Esse fato me fez lembrar um acontecimento que se deu nos últimos anos da década de setenta. A “meia idade” já me permite fazer certas analogias. Refiro-me ao filme baseado na obra de Nelson Rodrigues “bonitinha, mas ordinária”. Tinha 11 ou 12 anos quando presenciei a conversa entre a minha mãe e minha avó. Elas foram assistir ao filme protagonizado por Lucélia Santos. A atriz acabara de fazer enorme sucesso como a personagem principal da novela “escrava Isaura”. Foram ver a personagem e voltaram falando “cobras e lagartos” da atriz. Só me restou a imaginação das “cenas quentes” que me foram injustamente sonegadas, afinal, o título do filme e as metáforas moralistas das minhas queridas ascendentes não me permitiram pensar em outra coisa: sexo.

Naquela época peitinhos, bundas e “xoxotas” não estavam explicitamente à mostra na mídia e o acesso aos filmes “proibidos” não era fácil. Ver parte das nádegas de uma mulher podia levar qualquer jovem ao clímax. O casamento ainda era o meio mais eficaz para legitimar (e viabilizar) a prática sexual entre os jovens, e o uso de anticonceptivos ainda era tabu.

As mulheres eram, sem qualquer pudor, submissas na vida privada e não ocupavam cargos de relevância na pública. Dentre as virtudes femininas estava a habilidade nas tarefas domésticas. Sonhavam com o príncipe capaz de lhes "salvar" das amarras paternas.

Em apenas três décadas houve uma revolução moral, política, profissional e epistemológica da nossa sociedade. No campo moral, a mulher saiu do casulo e passou a ser dona do próprio nariz. Muitas, inspiradas no exemplo da "rainha dos baixinhos", fizeram “produção independente” e o patriarcado ficou decrépito e pereceu; no político, a Constituição "Cidadã" assegurou direitos iguais para homens e mulheres; no profissional, as mulheres ocuparam espaços no mercado de trabalho que eram historicamente masculinos; no epistemológico, as novas tecnologias (celulares, computadores, etc.) modificaram significativamente o comportamento humano com a difusão quase instantânea das informações.

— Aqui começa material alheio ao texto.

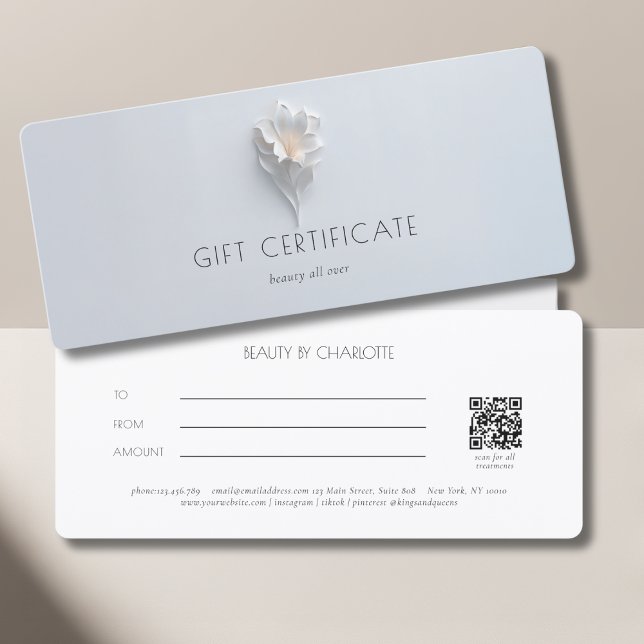 Tarjeta de regalo de código QR de salón floral bla (Minimalist Floral White Salon QR Code Gift Card)
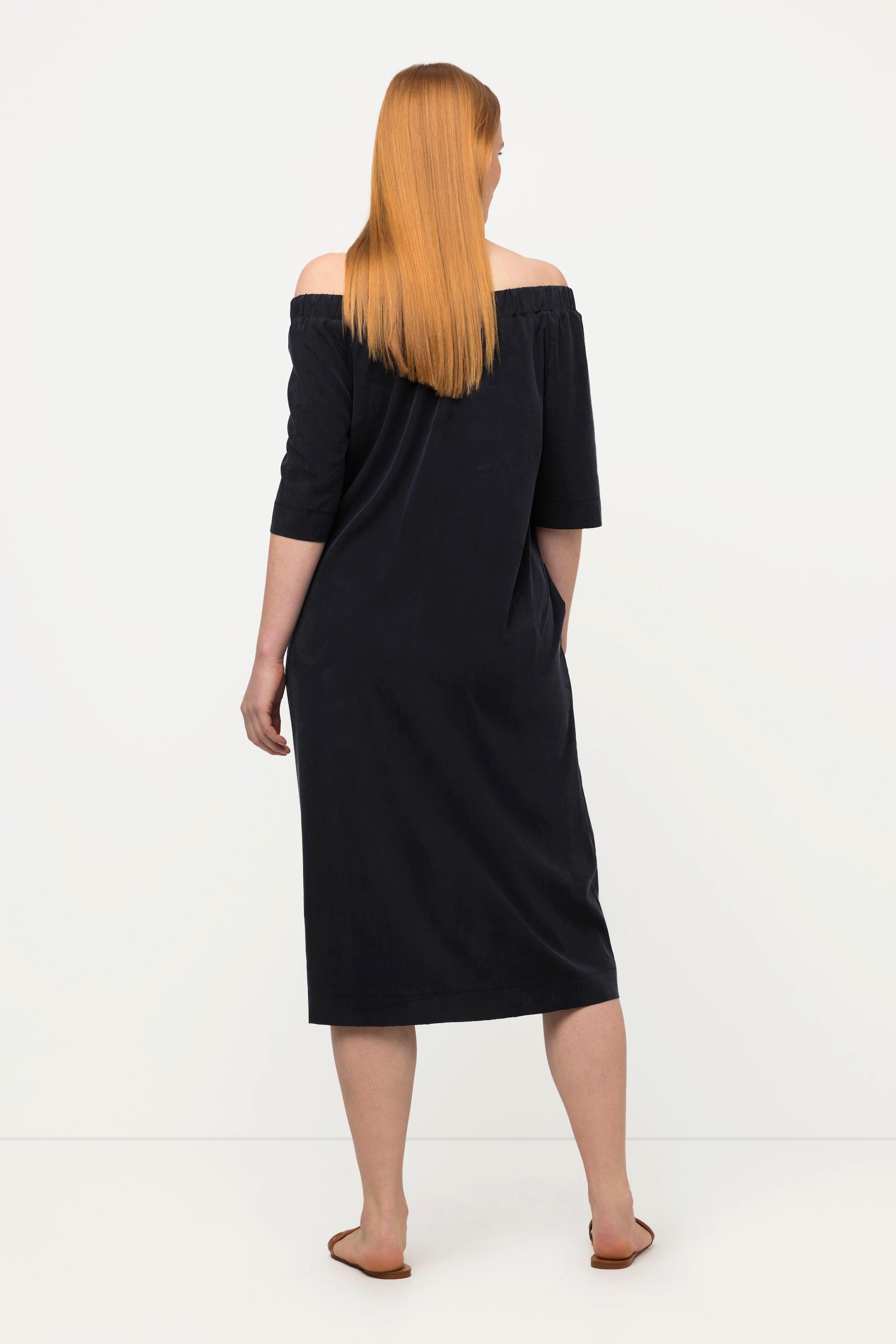 Ulla Popken  Robe midi en modal. Manches courtes et décolleté Carmen. Silhouette en A. 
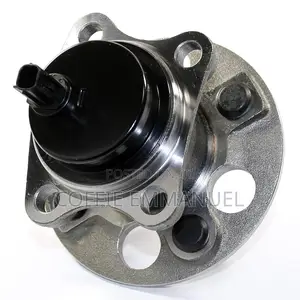 Toyota Vitz /Yaxis Feel Hub 2009 2010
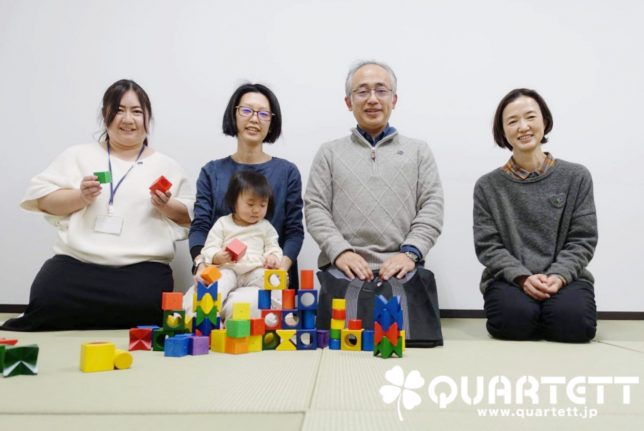 親子で積木を楽しむ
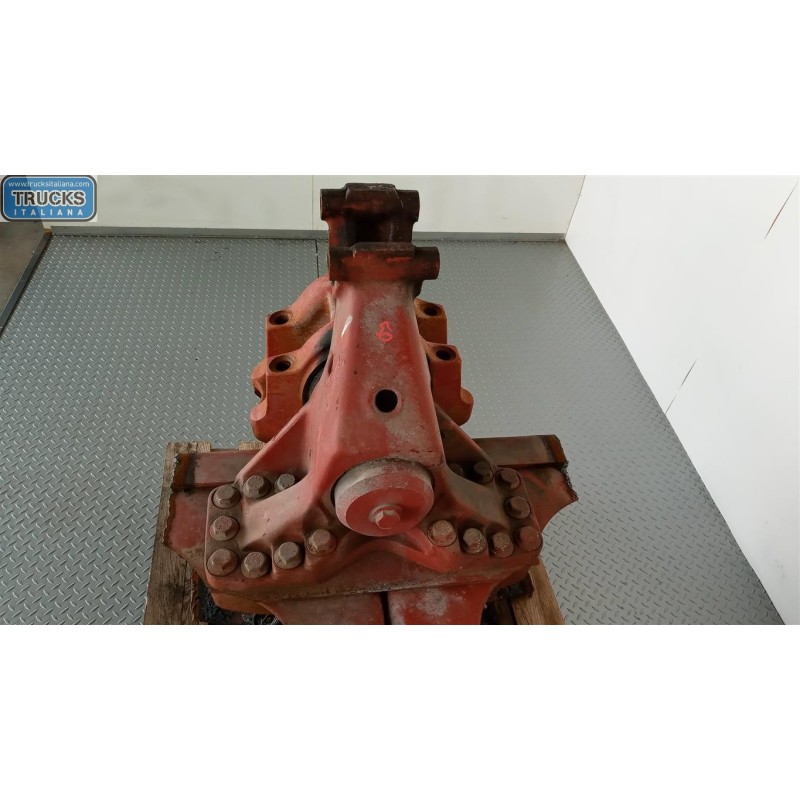 IVECO SUSPENSION SUPPORT IVECO TRAKKER 2005>2013 used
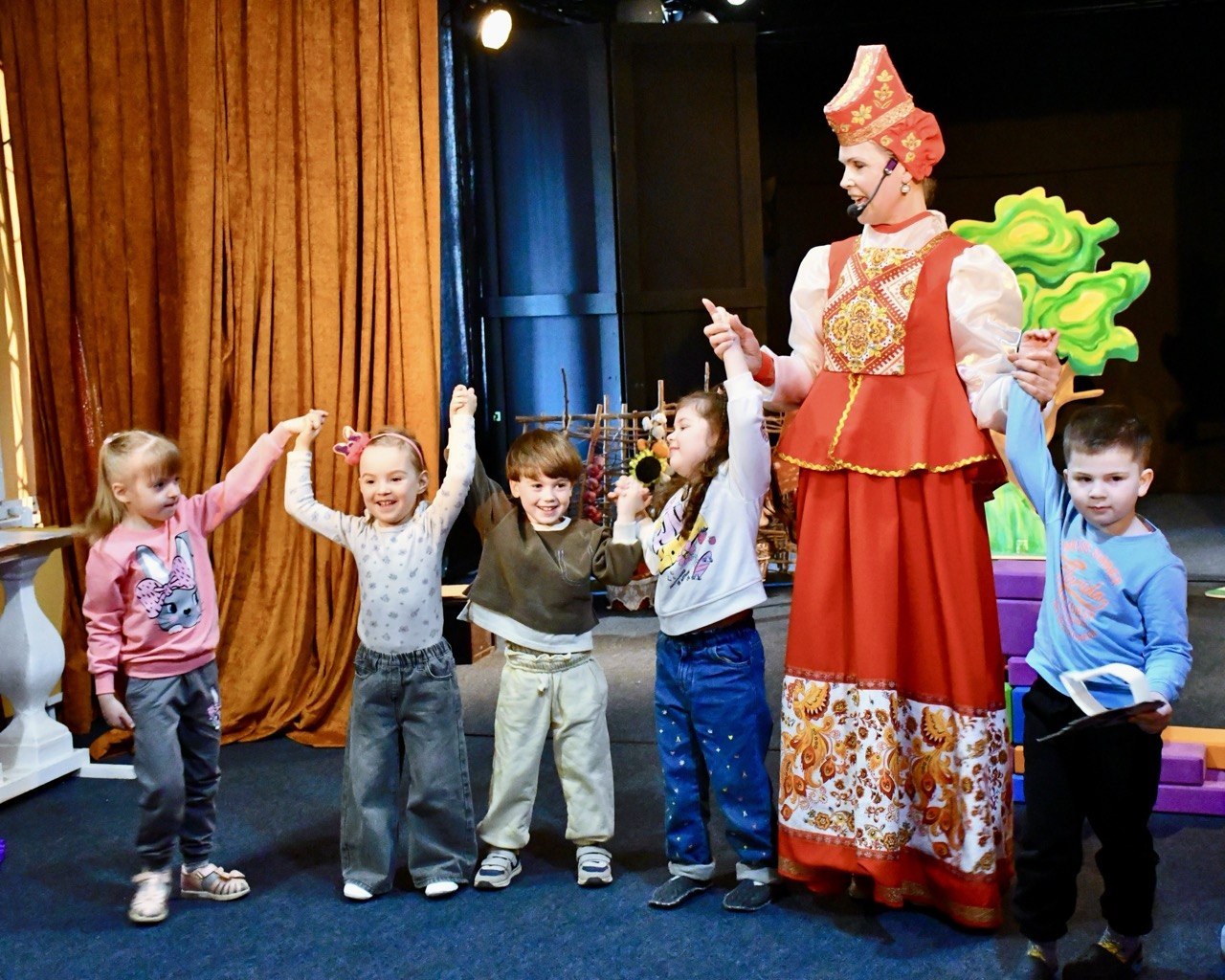 Семейный театр во Дворце культуры рыбаков Семейный театр во Дворце культуры рыбаков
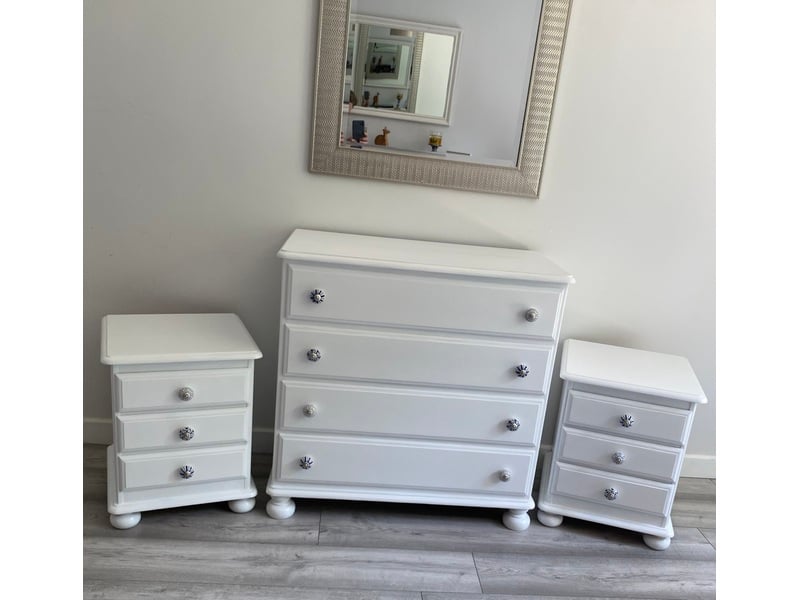 Bedroom furniture set in Ryde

A mídia convencional também se modificou. Acompanhando a transformação política e moral, as cenas de nudez e sexo se tornaram corriqueiras na televisão e no cinema, estimulando um culto ao corpo desenfreado (não é sem razão que, hoje, as academias estão lotadas). Consequentemente as relações sexuais passaram a ocorrer cada vez mais precocemente e sem a necessidade de um relacionamento estável do casal. O consentimento foi tácito, mas inevitável. O comportamento humano inexoravelmente se modificou. À liberdade política sucedeu à sexual. No novo Estado brasileiro a proibição se tornou exceção, como que parafraseando o grande poeta Caetano Veloso: “É proibido proibir!”

O corpo (em especial o bunda) também se libertou. Grethem, Rita Cadilac, Carla Peres, Xuxa, Angélica e outras construíram, com movimentos sensuais, o imaginário popular na dança (inclusive infantil), sem precedentes na história nacional. Os ritmos musicais - forró, lambada, axé, brega, funk, etc. - também contribuíram para a popularização dos ousados movimentos. Tudo em perfeita sintonia com as letras das músicas, numa combinação de palavras e expressões inimagináveis em um passado relativamente recente.

No início da década de oitenta a palavra "pentelho" foi proibida na música "Ciranda da bailarina", do compositor Chico Buarque. Em menos de uma década os "Mamonas Assassinas" fizeram enorme sucesso utilizando em suas "músicas" expressões chulas, obscenas e fora de qualquer contexto lógico: "sabão crá-crá, sabão crá-crá, não deixe os cabelos do saco enrolar".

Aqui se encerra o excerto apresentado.